Bellheimer SPD will die Stadtbahn
Die SPD Bellheim hält auch weiterhin am Grundsatzbeschluss zur Realisierung des Stadtbahnprojektes Germersheim-Karlsruhe fest und ist weiterhin zu einer freiwilligen Beteiligung in Höhe von 1,2 Mill. Euro bereit. Die nun öffentlich gewordenen Mehrkosten für den Betrieb wären jedoch absehbar gewesen. Landrat Brechtel, der eigentlich Aufgabenträger des Stadtbahnprojektes sei, mache es sich zu einfach, wenn er die Mehrkosten nun den Kommunen auferlegen wolle, so der SPD Vorsitzende Hartmut Piehl.
Die SPD Bellheim hält auch weiterhin am Grundsatzbeschluss zur Realisierung des Stadtbahnprojektes Germersheim-Karlsruhe fest und ist weiterhin zu einer freiwilligen Beteiligung in Höhe von 1,2 Mill. Euro bereit. Die nun öffentlich gewordenen Mehrkosten für den Betrieb wären jedoch absehbar gewesen. Landrat Brechtel, der eigentlich Aufgabenträger des Stadtbahnprojektes sei, mache es sich zu einfach, wenn er die Mehrkosten nun den Kommunen auferlegen wolle, so der SPD Vorsitzende Hartmut Piehl.

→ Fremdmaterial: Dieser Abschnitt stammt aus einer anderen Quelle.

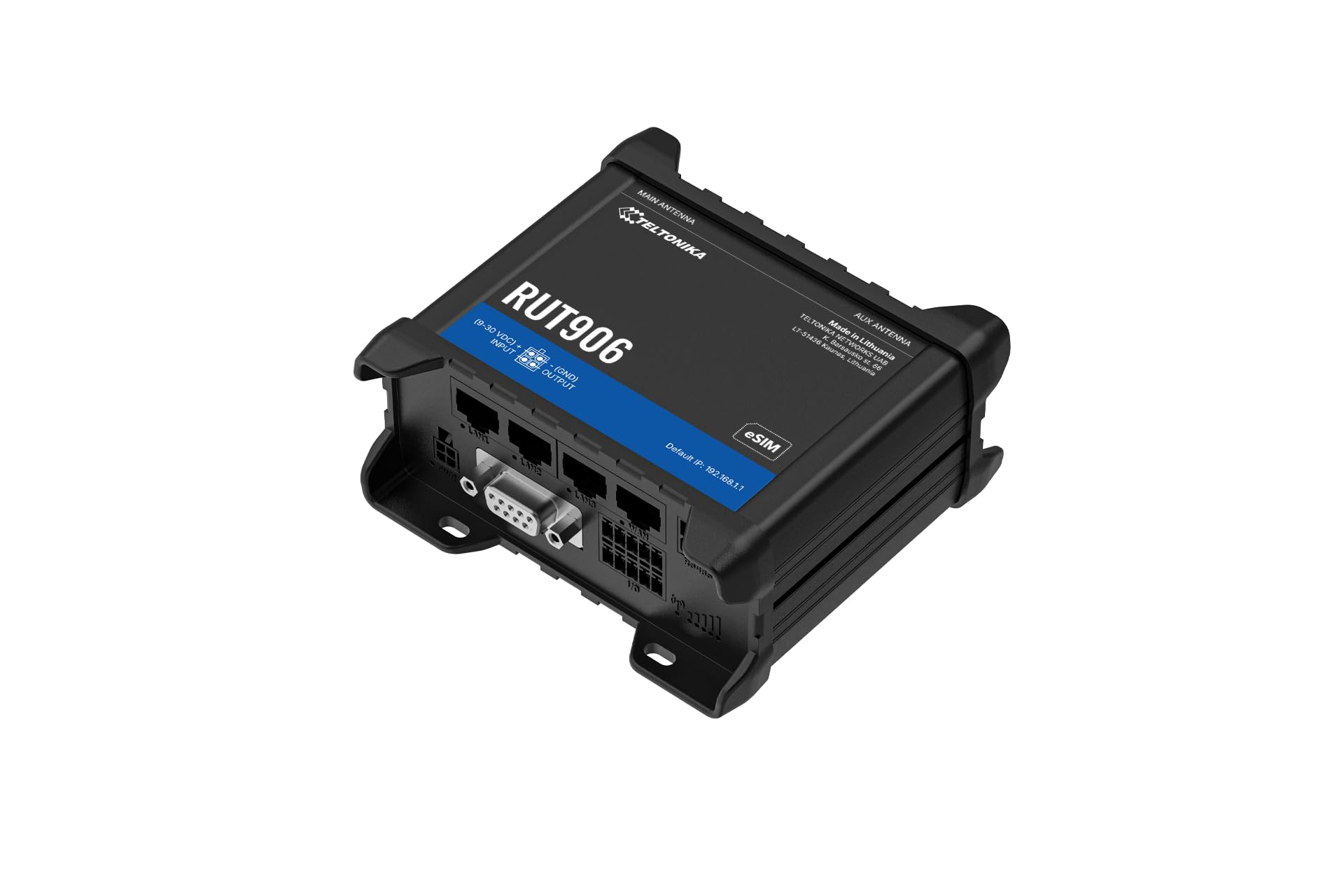 Router 4G LTE con WiFi Integrato | Gateway di Rete Professionale, Connettività Cellulare CAT4, Firewall Avanzato, Uso Aziendale e Industriale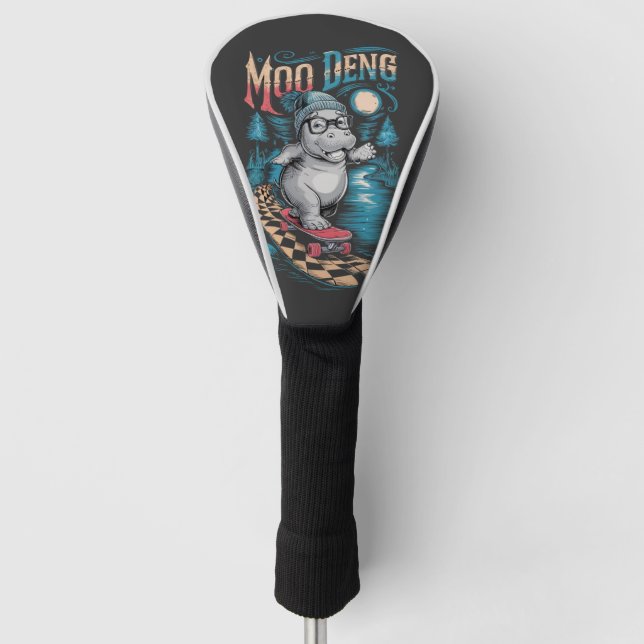 Verzauberung Moo Deng Hippo Golf Headcover (Vorderseite)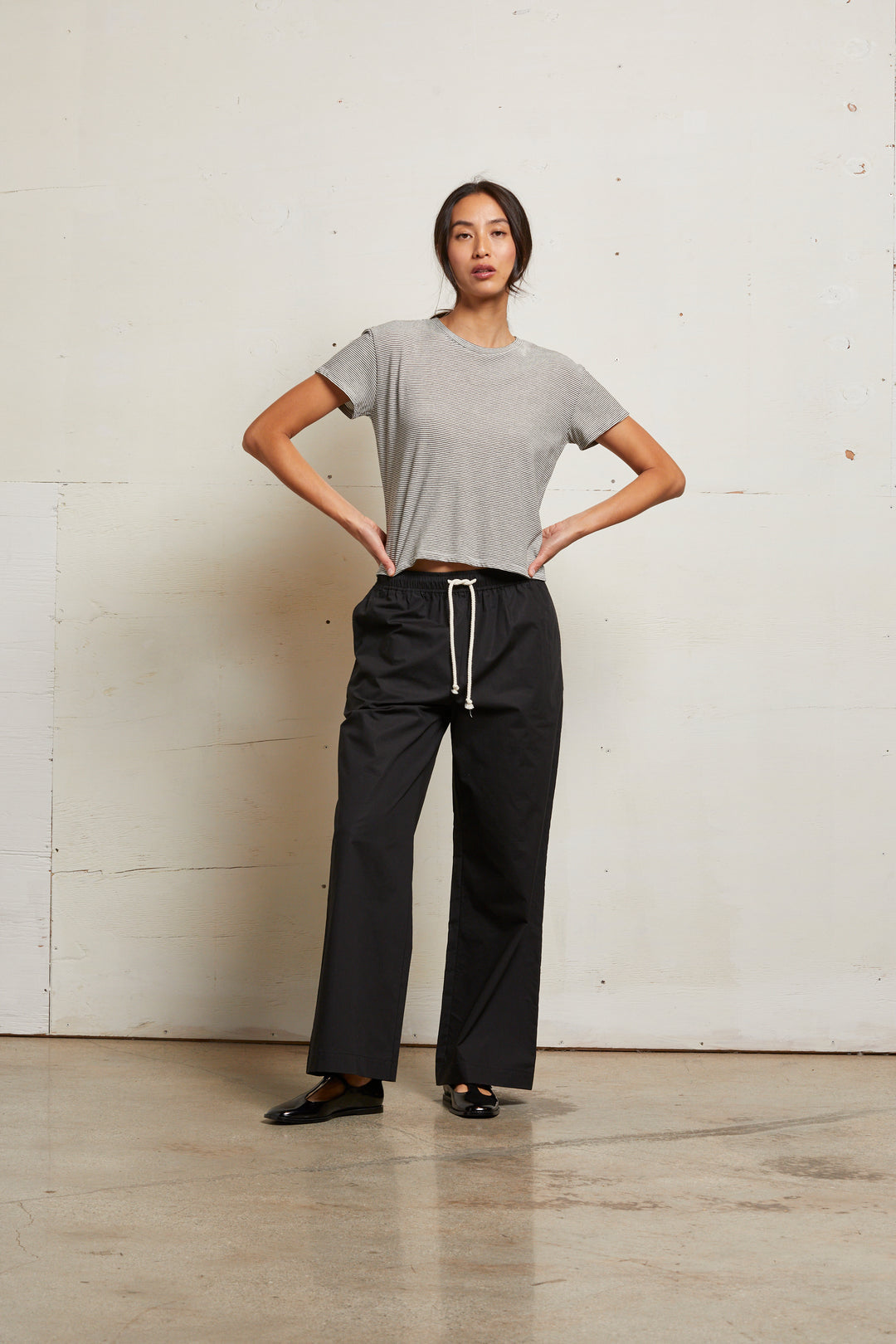 The Harley Stripe Perfect White Tee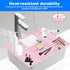Bathroom Sink Cover, Foldable Makeup Brush Cleaning Mat, Silicone Sink Topper, Heat Resistant Makeup Organizer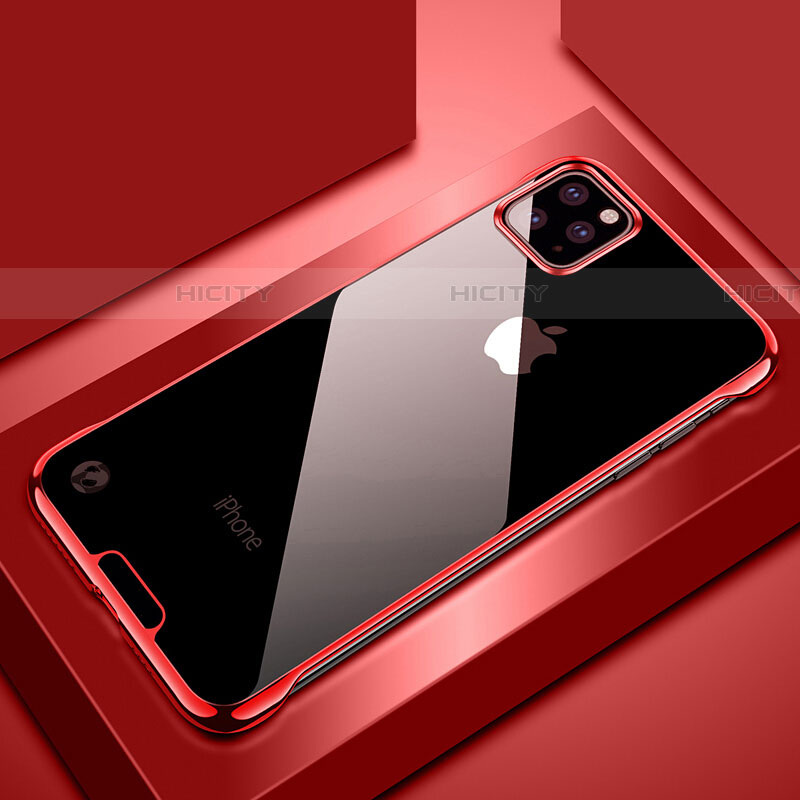 Apple iPhone 11 Pro Max用ハードカバー クリスタル クリア透明 S02 アップル レッド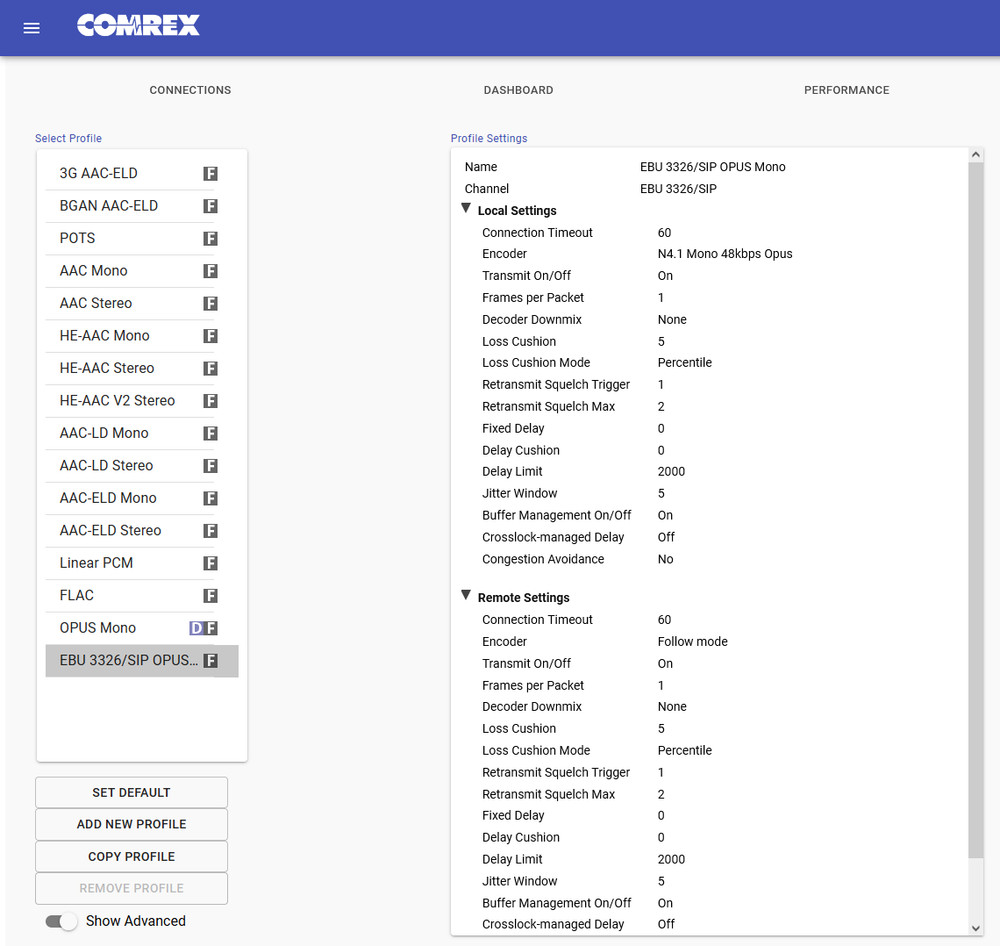 Comrex ACCESS Codec AES Audio Over IP Endpoint AAC Internet AoIP w/ TS License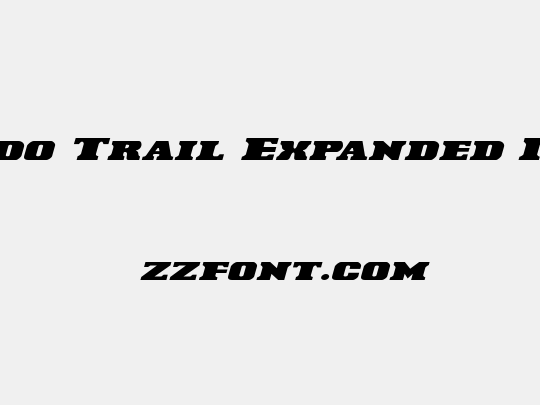 Laredo Trail Expanded Italic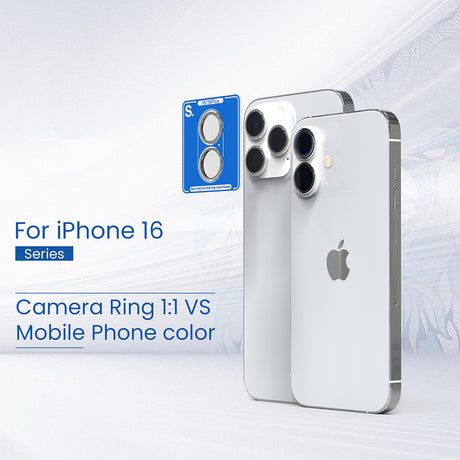 Folie de protectie Lito S+ Camera Glass compatibil cu iPhone 16 Pro / iPhone 16 Pro Max, Alb Titanium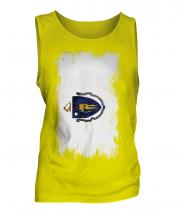Massachusetts State Grunge Flag Mens Vest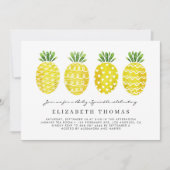 Tropisch Niedliche Ananas Baby Sprinkle Einladung (Vorderseite)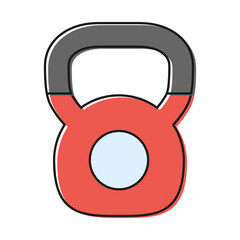 Kettlebell icon, fitness sport symbol, iron equipment vector illustration, workout heavy training web mark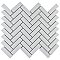 Metro Brick Herringbone Matte White 10-5/8" x 12-1/2" Porcelain - Sold Per Case of 10 - 9.4 Square Feet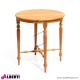 Tavolino in legno di teak rotondo Elegance D70x74 cm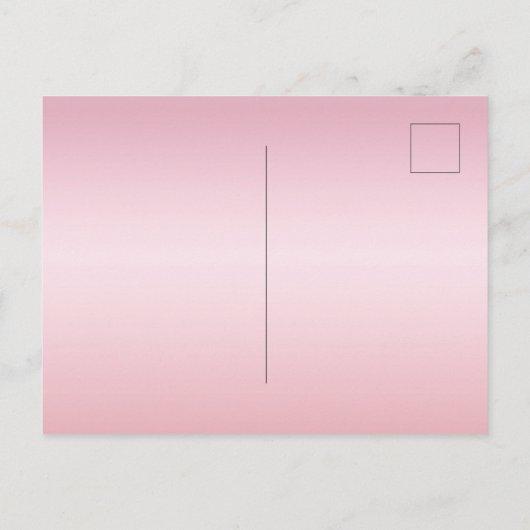 Baby shower lichtroze glitter stof ballon meisje uitnodiging briefkaart (Achterkant)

Zunächst müsse noch einmal verdeutlicht werden, auf welchen Informationen die Grundsatzbeschlüsse der Kommunen für eine Stadtbahn im Jahre 2002 basierten. So habe in den Unterlagen der Kreisverwaltung gestanden, dass „es zu einer Verdopplung der Zugangebote auf dieser Strecke bei gleichbleibenden Kosten kommen werde“. Die Bellheimer SPD habe schon damals nach Rücksprache mit dem ZSPNV bezweifelt, dass diese Aussage zutreffe. Nach nun vier Jahren müsste Landrat Brechtel selbst zugeben, dass die damalige Aussage der Kreisverwaltung eine Luftbuchung gewesen sei.
Auch in einem anderen Bereich wurde damals mit nicht belastbaren Zahlen gehandelt. Die Kreisverwaltung habe eine Berechnung vorgelegt, die davon ausgegangen sei, dass der Fuhrpark der Stadtbahn von Seiten des Landes mit 65 Prozent bezuschusst werde. Auch an dieser Aussage habe die SPD damals gezweifelt, was sich nun ebenfalls als richtig herausstelle. Inzwischen müsse die Kreisverwaltung eingestehen, dass sie keinerlei Kostenzusagen von Seiten des Landes für eine Förderung des Fuhrparks habe, es eine solche gesetzliche Förderung gar nicht mehr gäbe.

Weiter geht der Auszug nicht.